Ao caracterizar a área da informação em arte e tentar conceituar o objeto de trabalho da documentação da arte, ao discutir critérios para a seleção do que deve ser armazenado, ao analisar as formas viáveis de registro documental, ao propor projetos de informação integrados tanto a setores da própria instituição, como a outras instituições, e ao alertar para a necessidade de incorporação das novas tecnologias pelos sistemas de informação em arte, esperamos que este trabalho possa contribuir para a valorização da área de informação em arte, que ainda é considerada supérflua e mal resolvida. Esta reflexão sobre as questões fundamentais de sistemas de informações em arte, além de estimular a pesquisa e a atividade profissional na área, poderá trazer subsídios para a tomada de decisões quanto a projetos de instituições ligadas às artes e quanto a seu direcionamento, além de colaborar para a sua inserção no quadro cultural e informacional da cidade.

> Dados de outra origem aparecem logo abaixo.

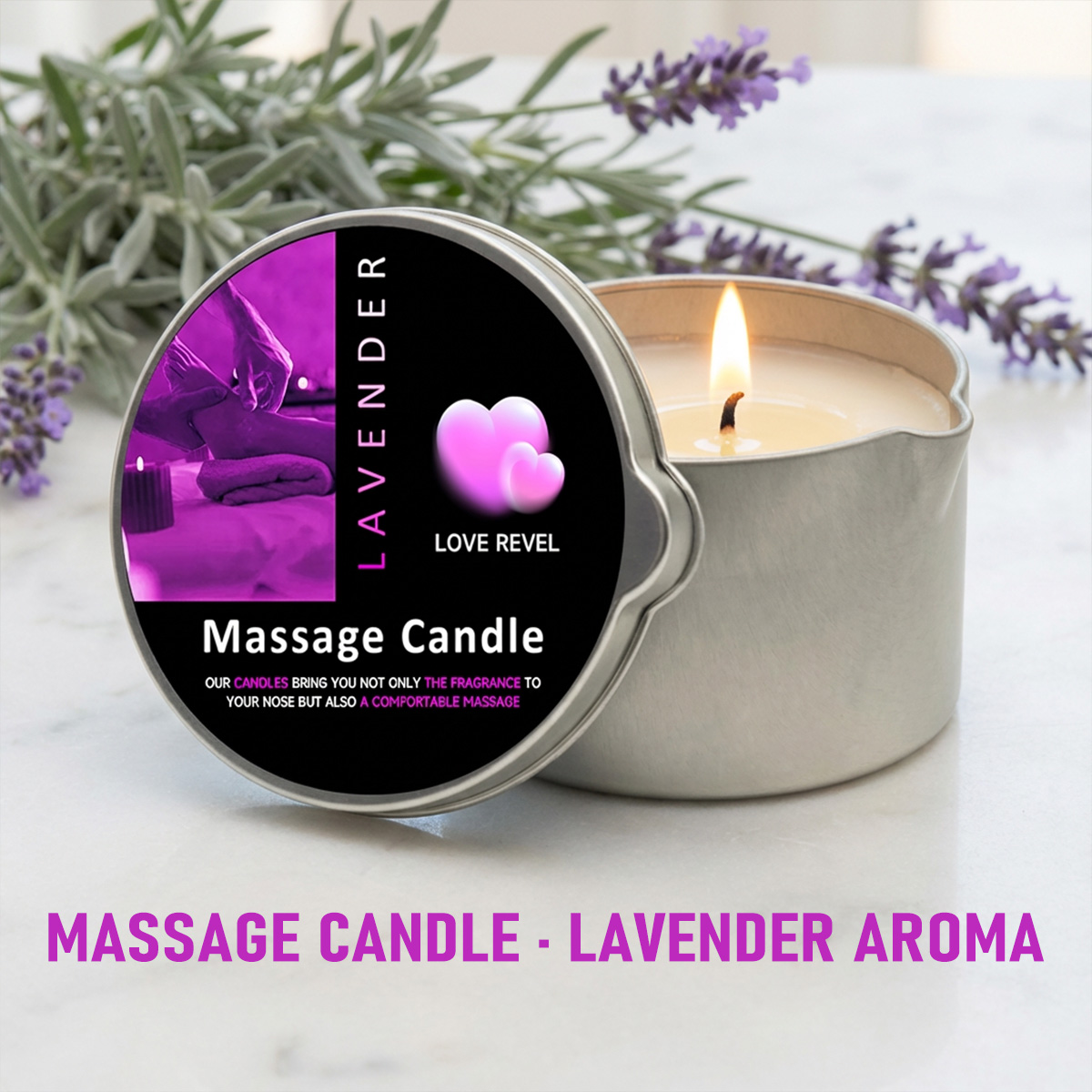 Soy Candle Fragrance Oil - Massageöl-Kerze, Lavendel, 2 Unzen, Aromatherapie-Kerzen mit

Os tempos são difíceis e os recursos financeiros sempre insuficientes. Em épocas de crise, quase inexistentes. Por isso é preciso não dispersar recursos e esforços com projetos inviáveis, inadequados ou inúteis. Ao definir uma estratégia global para os serviços de documentação da arte, este trabalho procurará estimular o surgimento de projetos adequados, viáveis, bem dimensionados e, portanto, eficazes em nosso meio.